In April 2009, The Lantern, Ohio State’s student newspaper, disclosed the exchange. “If Brian is alive, which is what I’m led to believe after speaking with the detective involved, then it is Brian, and not Clint who is causing his family pain and hardship,” Rosenberg wrote. “Brian should come forward and end this.” Florence, he said, did not have anything to hide, he had merely told everything he knew from the beginning and did not see the value of doing so again.

Rosenberg’s assertions notwithstanding, many of those who were close to Brian have criticized Florence for not being forthcoming enough. “As soon as the detective started getting involved, that’s when he pretty much had no contact with anybody,” recalled Derek Shaffer, Brian’s brother and last surviving immediate family member. “I’ve always thought he definitely knows something–just won’t come forward with it.” He believes it is still possible that Brian is alive, and Florence knows where he might have gone. Shaffer’s girlfriend at the time, Alexis Waggoner, also thinks Florence is withholding information.
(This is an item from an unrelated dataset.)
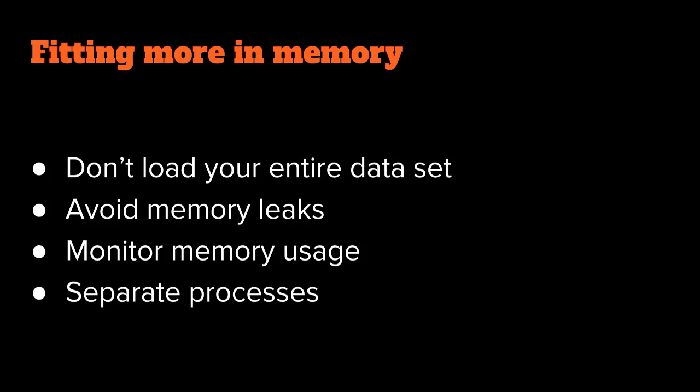And how do we do this? Well, to start, don't ever load your entire data set into memory. Make sure you only ever load it in manageable chunks. We've got to look out for memory leaks. Make sure you manage and relinquish your references. If you retain references to your allocations, the garbage collector can't do its job. So don't do that.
However, she believes it’s likely that her former boyfriend is dead. “I can’t imagine he would have just done that.”

In 2014, the Columbus police said they were still receiving at least two tips a month on the case via the local Crime Stoppers hotline, though none had proven useful. The evidence in the case filled four boxes of files. One of the original investigators, Andre Edwards, told Columbus Monthly that after extensive review of the camera footage at the Ugly Tuna from the night Brian disappeared, he could “say with 100-percent certainty” that Brian did not leave via the escalator. Police say they have three theories of the case but declined to discuss them even generally with the magazine.

Legacy

Between Brian’s disappearance and his own death, Randy Shaffer joined the families of other missing adults in Ohio in lobbying the state legislature to pass a bill establishing a statewide protocol for such cases. At the time Brian disappeared, it was left up to individual departments how to handle the cases, and some parents felt that investigations into their relatives’ disappearances had suffered as a result. By the time Randy died, the bill had become law.